NEW YORK COOKIES. --Take a half-pint or a tumbler full of cold water, and mix it with half a pound of powdered white sugar. Sift three pounds of flour into a large pan, and cut up in it a pound of butter; rub the butter very fine into the flour. Add a grated nutmeg, and a tea-spoonful of powdered cinnamon, with a wine glass of rose water. Work in the sugar, and make the whole into a stiff dough, adding, if necessary, a little cold water. Dissolve a tea-spoonful of pearl-ash in just enough of warm water to cover it, and mix it in at the last. Take the lump of dough out of the pan, and knead it on the paste-board till it becomes quite light.

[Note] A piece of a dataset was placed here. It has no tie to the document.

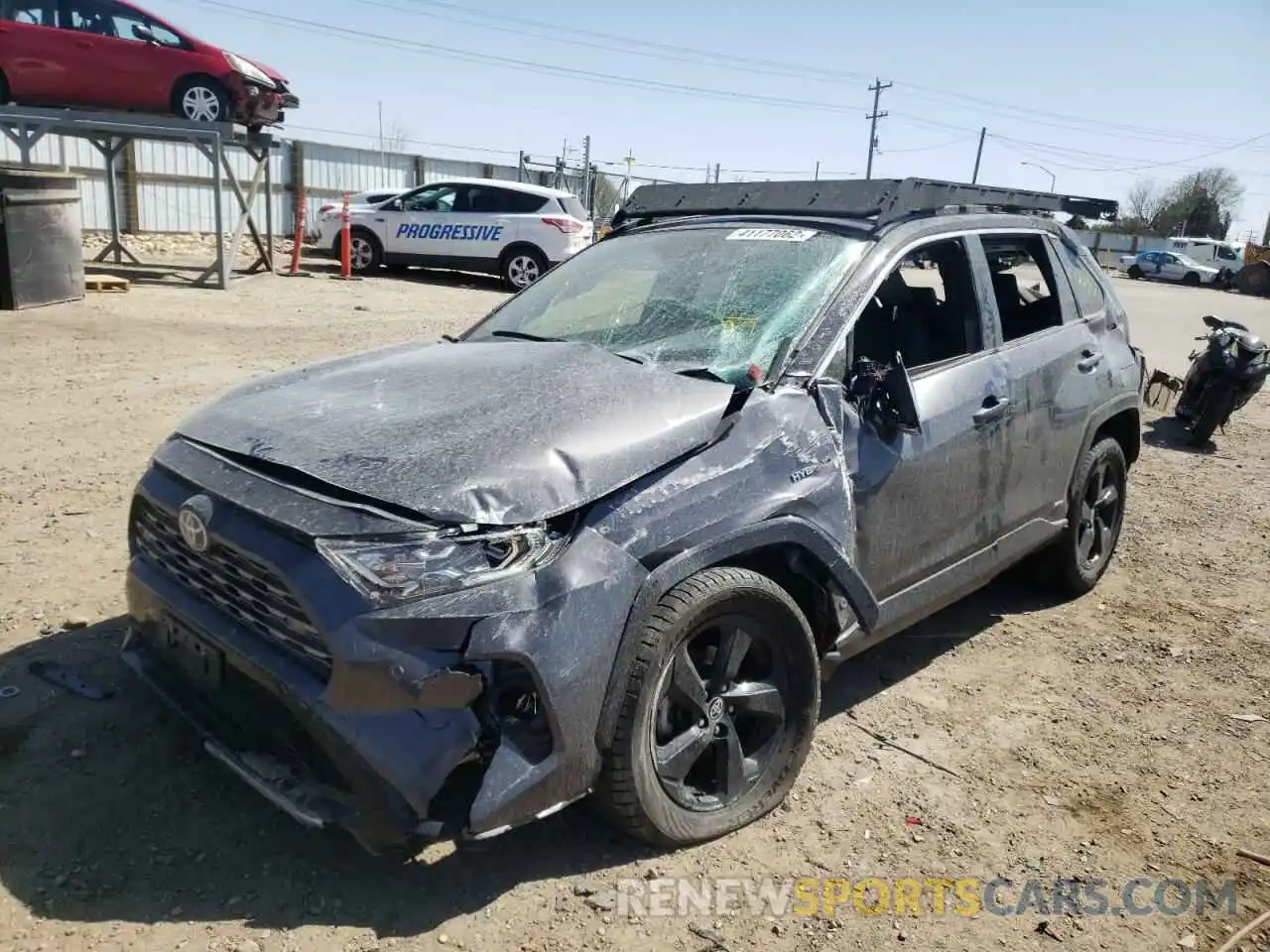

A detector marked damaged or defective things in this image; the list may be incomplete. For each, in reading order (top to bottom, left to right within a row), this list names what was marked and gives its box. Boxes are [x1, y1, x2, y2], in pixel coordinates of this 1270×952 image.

crushed hood [177, 341, 734, 524]
damaged toyota rav4 [124, 178, 1143, 857]
cracked windshield [460, 225, 869, 385]
wrecked motorcycle [1175, 313, 1262, 444]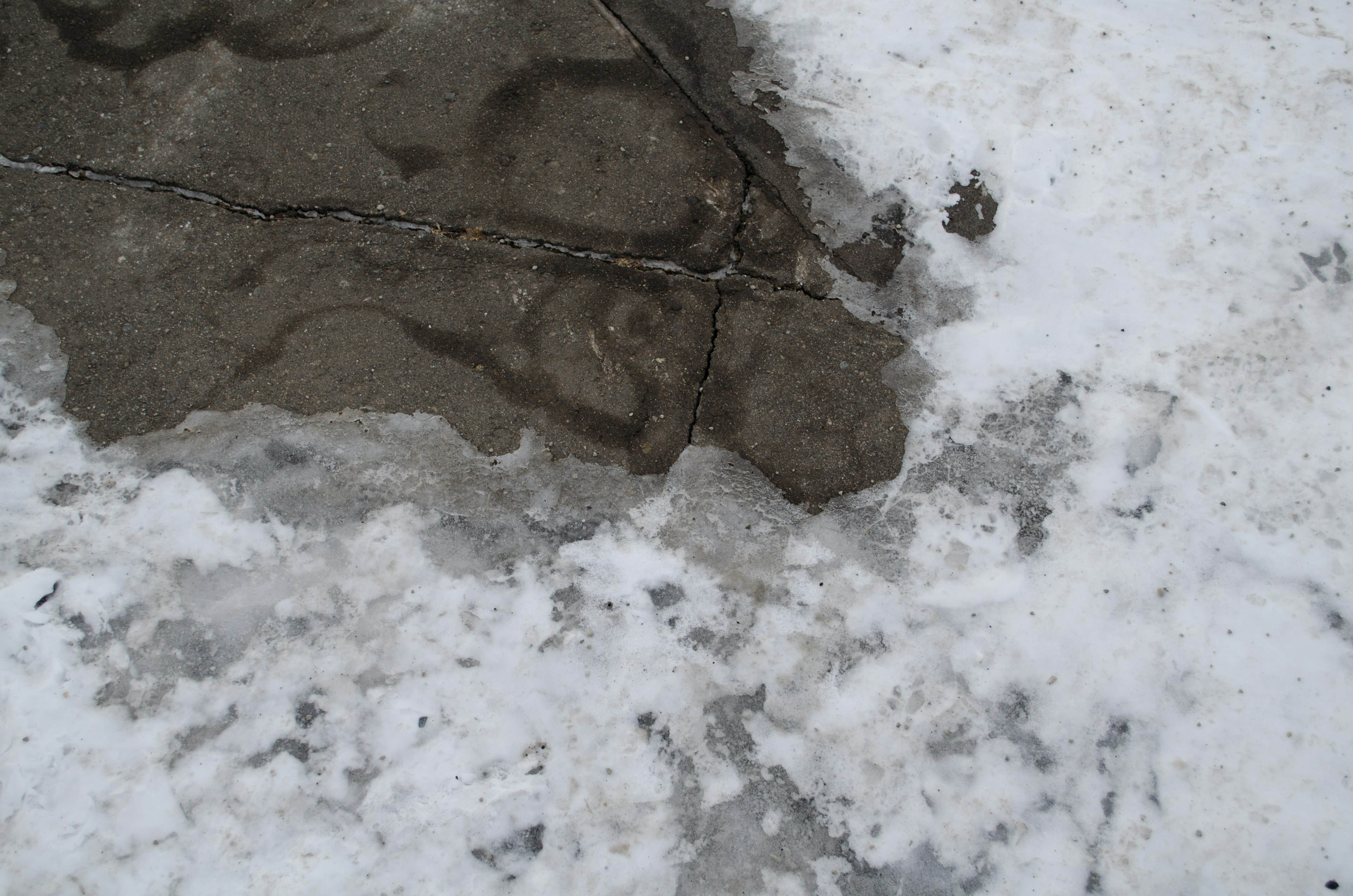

Then roll it out rather more than half an inch thick, and cut it into square cakes with a jagging iron or with a sharp knife. Stamp the surface of each with a cake print. Lay them in buttered pans, and bake them of a light brown in a brisk oven.

They are similar to what are called New Year's cakes, and will keep two or three weeks.

In mixing the dough, you may add three table-spoonfuls of caraway seeds.


Rubbing in the butter -- I had to use the salad bowl to hold all 12 cups of flour.


My first challenge was to change the ingredient amounts into modern measurements. A half-pint water was easy. I used the weights on the sugar and flour packages, along with their servings per container to calculate how many cups of each (1 cup sugar, 12 cups flour) I needed. I had no idea how much an entire nutmeg would be once it was ground, so I grated one fresh. Like the water, butter and cinnamon needed no translation. I discovered that a wine glass held a bit more than a cup of water, but as I was nervous about making the dough too wet, I added the rosewater in parts, first 1/2 a cup, then the other 3/4 of a cup.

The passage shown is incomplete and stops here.